JERUSALEM — The ultra-Orthodox rabbi in charge of the sacred Western Wall assured a government emissary April 4 that Jewish women will not be arrested if they try to recite the mourner’s prayer at the holy site, despite a warning from Israeli police.
Prime Minister Benjamin Netanyahu has tapped Natan Sharansky, chairman of the Jewish Agency, with defusing the conflict and ensuring “that every Jew in the world can pray in the manner that they are accustomed to at Judaism’s most important national and religious site.”
Sharansky met with Rabbi Shmuel Rabinowitz, the caretaker of the Western Wall, April 4, three weeks after the Israeli police told the Women of the Wall prayer group that their recitation of the Kaddish mourner’s prayer at the site would be grounds for arrest.

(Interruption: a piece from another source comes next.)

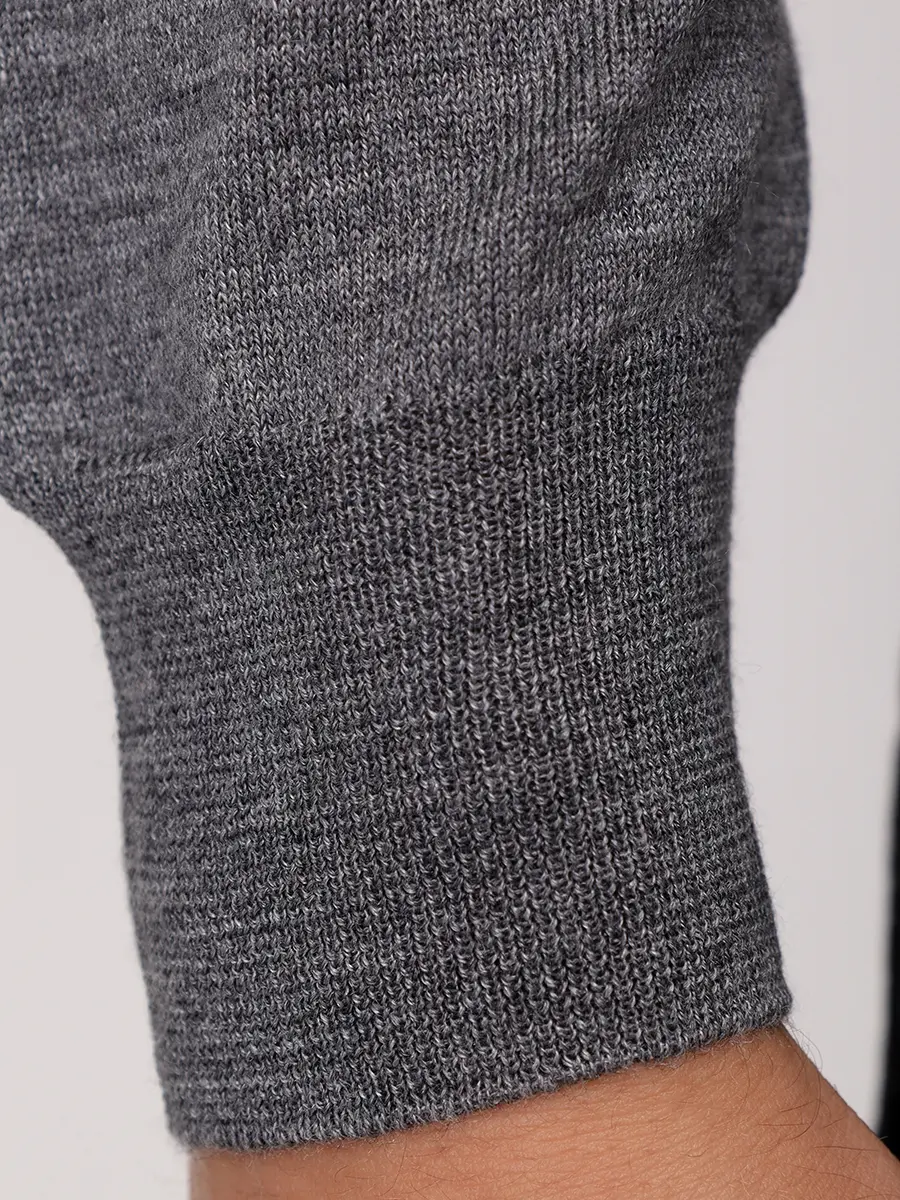 Поло из шерсти и шелка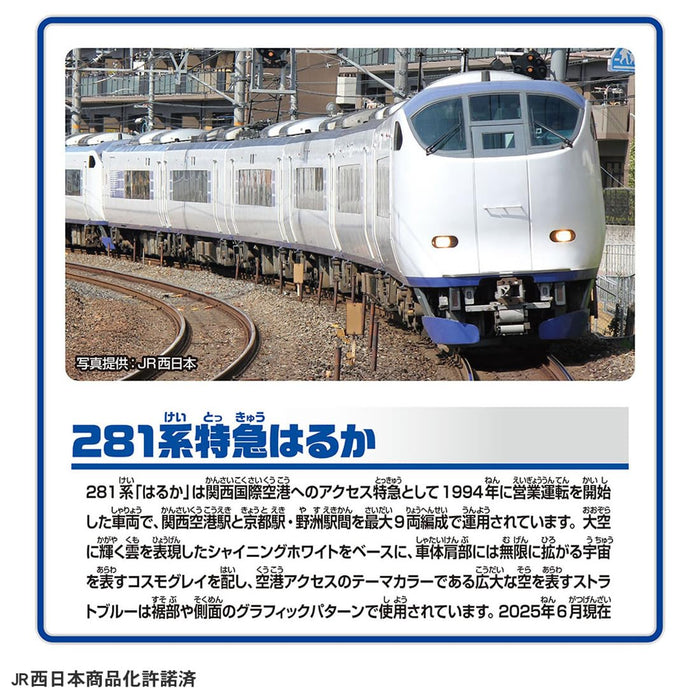 Takara Tomy Plarail S-57 Train de la série 281 Haruka Express, jouet pour enfants de 3 ans et plus.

The Kaddish mourner’s prayer is the newest flashpoint in the ongoing dispute; ultra-Orthodox Jews say women should not sing or pray aloud in public because their voices are provocative to men. Because the mourner’s prayer traditionally is recited only when a quorum of 10 men is present, a group of women reciting the prayer in public is doubly offensive to traditionalists.
Sharansky went into the meeting “to express his shock” at the March 14 police letter, but “Rabbi Rabinowitz assured Sharansky that, contrary to the letter, no woman would be arrested for reciting Kaddish at the Western Wall,” the agency statement said.
Rabinowitz could not be reached for comment.
Members of Women of the Wall, a group of Reform, Conservative and modern-Orthodox women, have been praying at the Western Wall for more than two decades despite objections from the ultra-Orthodox religious establishment, which has attempted to put further restrictions on the women’s prayer options.